For instance, Revolving Door Project Senior Researcher Hannah Story Brown said: “Any hope that the Department of Energy was going to send a clear, strong signal that hydrogen needs to be produced by renewable energy in order to be ‘clean’ was thoroughly extinguished on Friday. A majority of the selected projects intend to produce hydrogen from fossil fuels and rely on unproven carbon capture and storage technology to clean up the carbon dioxide generated as the main byproduct of the chemical process that yields hydrogen from natural gas. The Energy Department has already poured more than a billion federal dollars into failed carbon capture initiatives which made no discernible dent in the nation’s massive emissions. Why should we expect this latest contrivance to lead to real success where all of its predecessors have failed?”

Julie McNamara, deputy policy director of the Climate and Energy Program at the Union of Concerned Scientists, said "billions of taxpayer dollars are at risk of perpetuating fossil fuel industry injustices and harms while subsidizing fossil fuel greenwashing."

And though the Sierra Club supports the hydrogen hubs. executive director Ben Jealous warned after the announcement that "the fossil fuel industry is working to continue our nation's reliance on fossil fuels by any means necessary—and hydrogen offers yet another possible inroad for Big Oil and Gas to lock in polluting and noneconomic uses of gas for decades to come. Decision-makers in the administration and at the local level must be wary of these attempts and ensure as much hydrogen-specific funding as possible goes to green hydrogen and its most efficient end uses to ensure this investment actually addresses climate change.”

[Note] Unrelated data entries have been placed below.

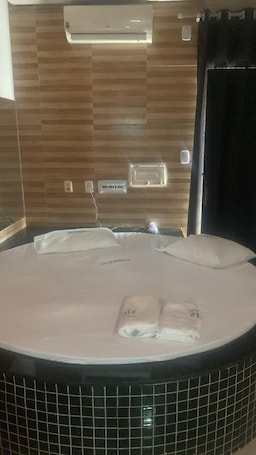 传统套房 | 1 多间卧室、免费 WiFi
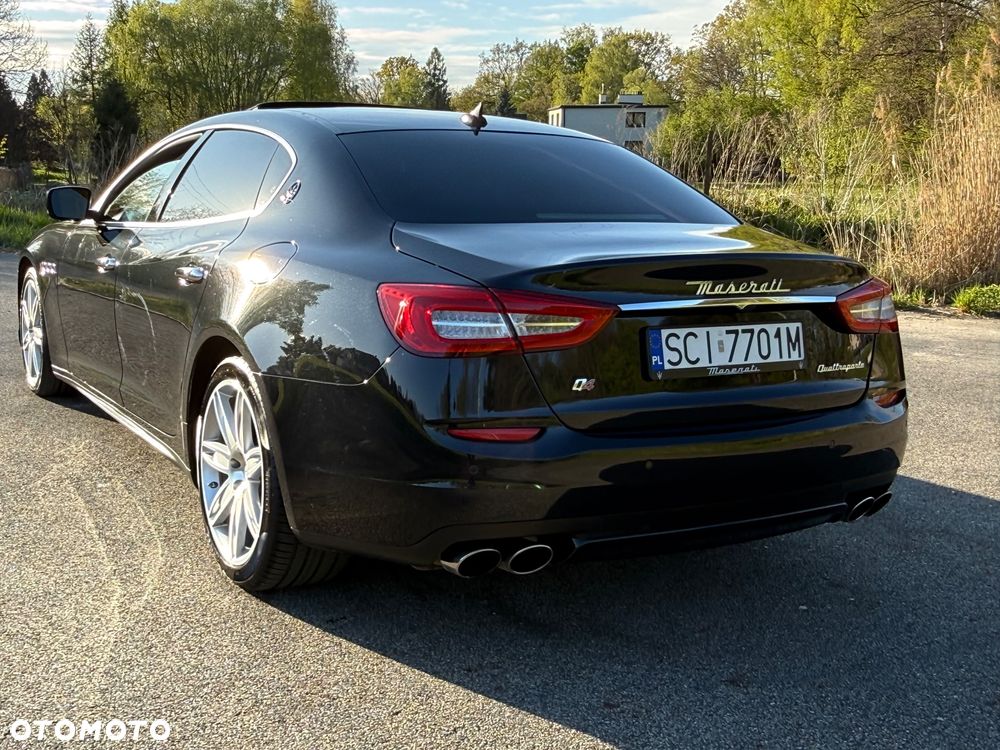 Maserati Quattroporte Q4 GranSport S - 14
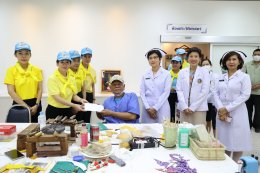 คุณอรทัย  ฐานะจาโร  ประธานสมาคมแม่บ้านทหารบก สาขากรมยุทธศึกษาทหารบก พร้อมคณะ ในโอกาสที่ได้กรุณาเข้าเยี่ยมเยียนและมอบสิ่งของบำรุงขวัญผู้ป่วยทหารผ่านศึก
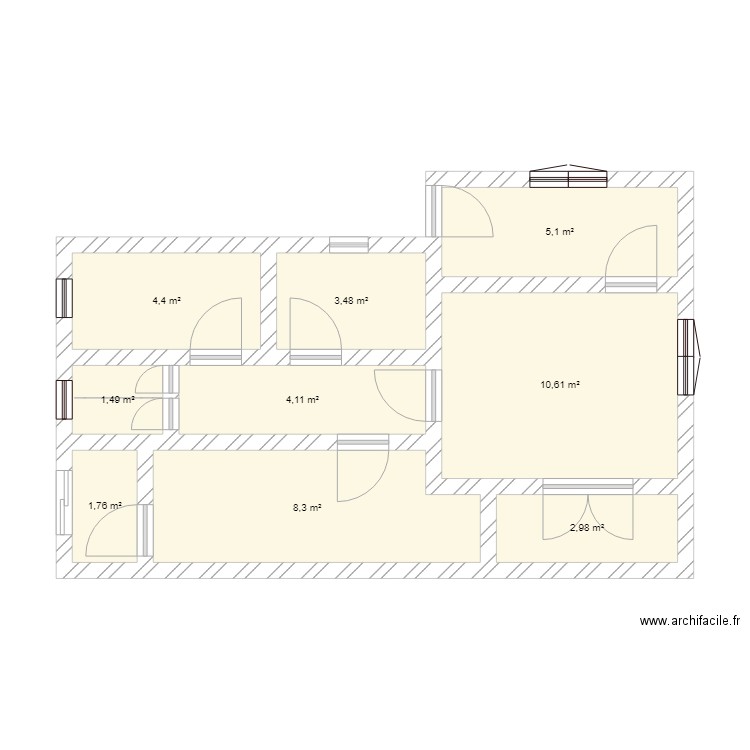 ma maison. Plan de 9 pièces et 42 m2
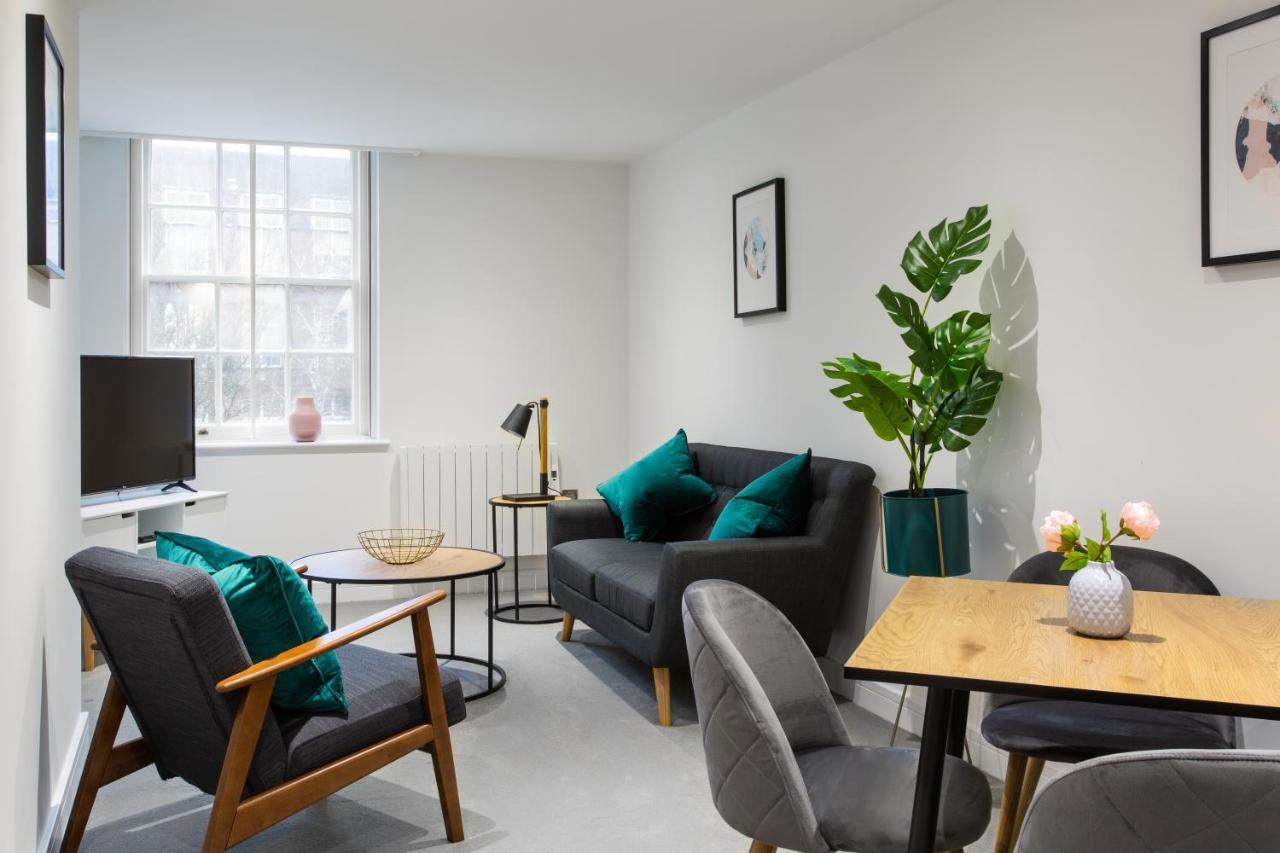 Queens Park By Viridian Apartments London Ngoại thất bức ảnh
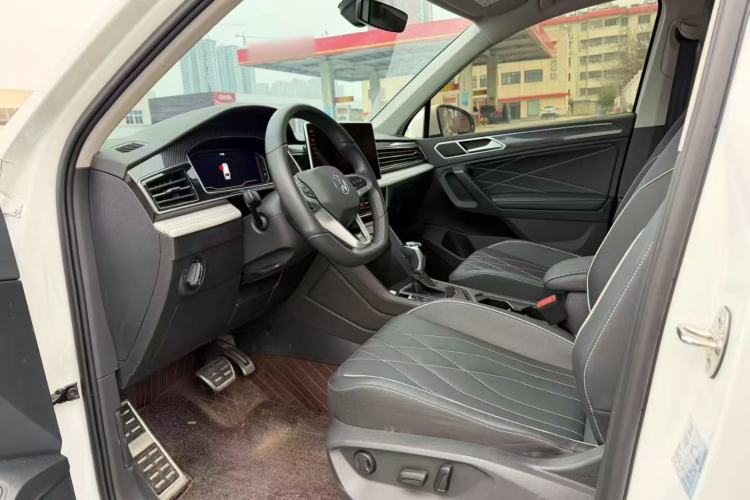 Used Volkswagen Tiguan L 2024 Outstanding Model 330TSI Automatic Two-Wheel Drive R-Line Dragon Glory Edition Left Front Seat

From the 79 applicants, the Department of Energy (DOE) chose the Mid-Atlantic Hydrogen Hub, Appalachian Hydrogen Hub, California Hydrogen Hub, Gulf Coast Hydrogen Hub, Heartland Hydrogen Hub, Midwest Hydrogen Hub and Pacific Northwest Hydrogen Hub.

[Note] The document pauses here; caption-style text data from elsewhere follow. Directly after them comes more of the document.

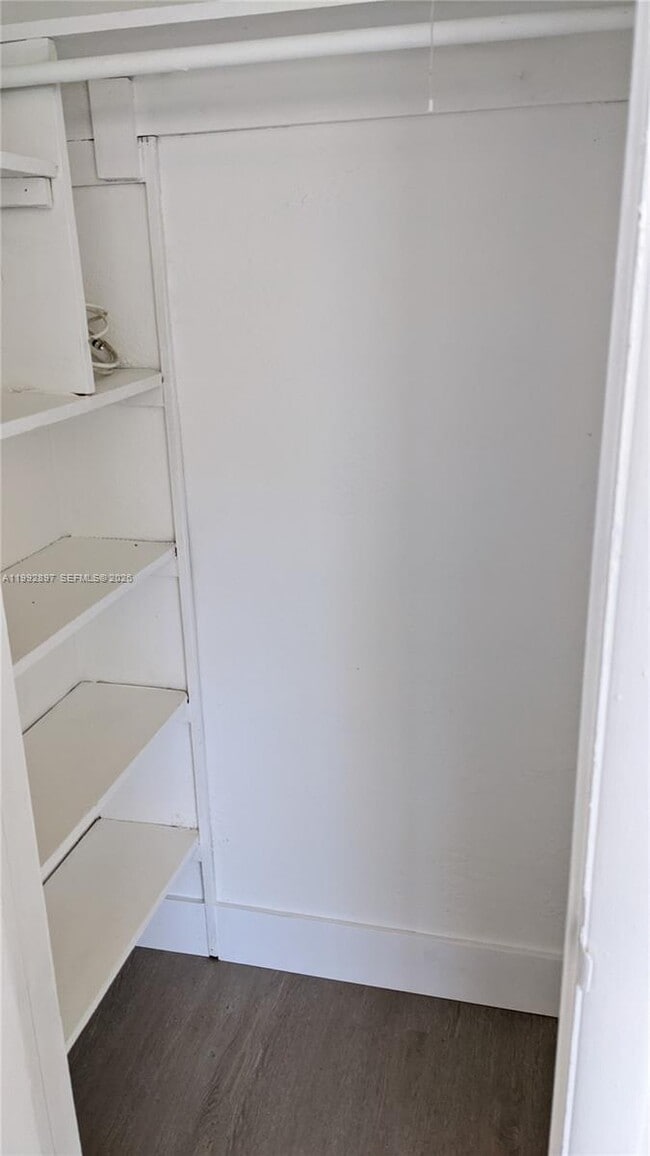 Photo - 811 81st St Unidad 2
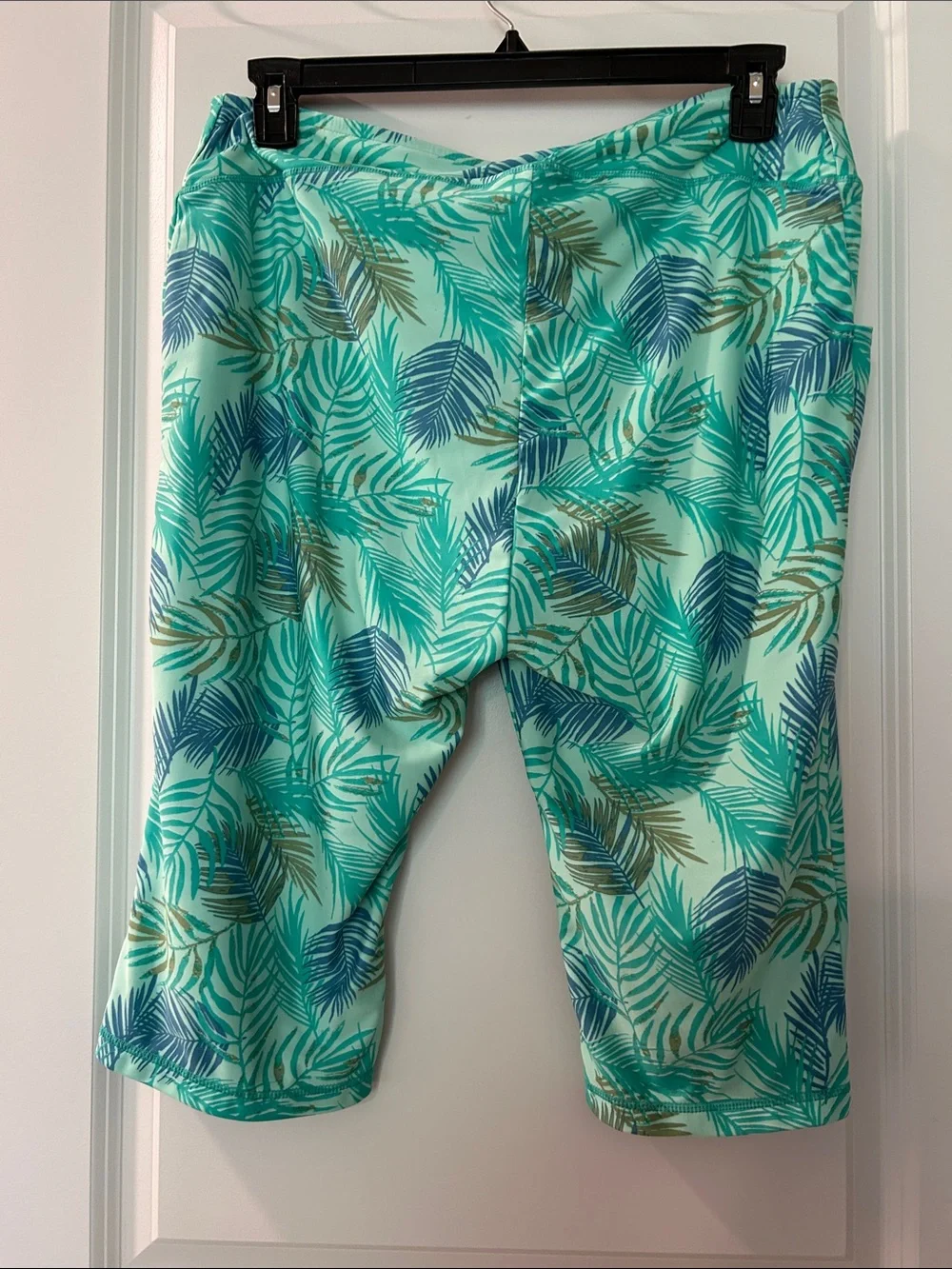 UV Skinz Tropical Leaf Capri Leggings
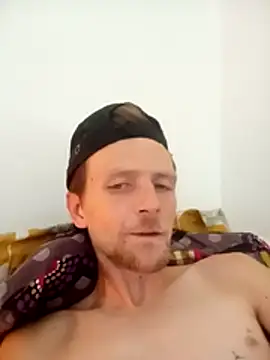 Snapshot of AcquiredCompound chatting on October 31, 2025, 7:53 am AcquiredCompound online show from October 31, 2025, 7:53 am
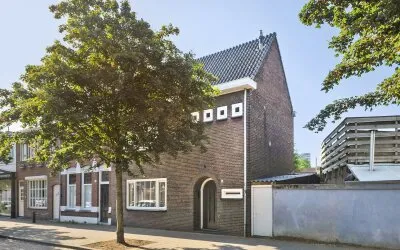 Tussenwoning te koop: Molenbochtstraat 76, Besterd Tilburg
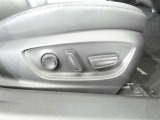 運転席電動シートは、シートポジションを細かく調整できるので長時間の運転もリラックスできますね。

The idea is to spur production of low or no-carbon hydrogen in order to ditch carbon-intensive processes for making steel, cement, agricultural chemicals and fertilizer as well as provide a substitute for aviation and shipping fuels. Currently, hydrogen is labeled in a rainbow of colors: gray, blue, green, pink, even turquoise. The vast majority of the 10 milion metric tons the United States now produces annually is called “gray hydrogen.” It’s derived from natural gas without any carbon capture and is a strong greenhouse gas emitter. “Blue hydrogen” is made from gas with carbon capture. “Green hydrogen” is made from renewable energy sources and electrolyzers. “Pink hydrogen” is made with nuclear power and electrolyzers, although the U.S. produces less than a metric ton that way currently.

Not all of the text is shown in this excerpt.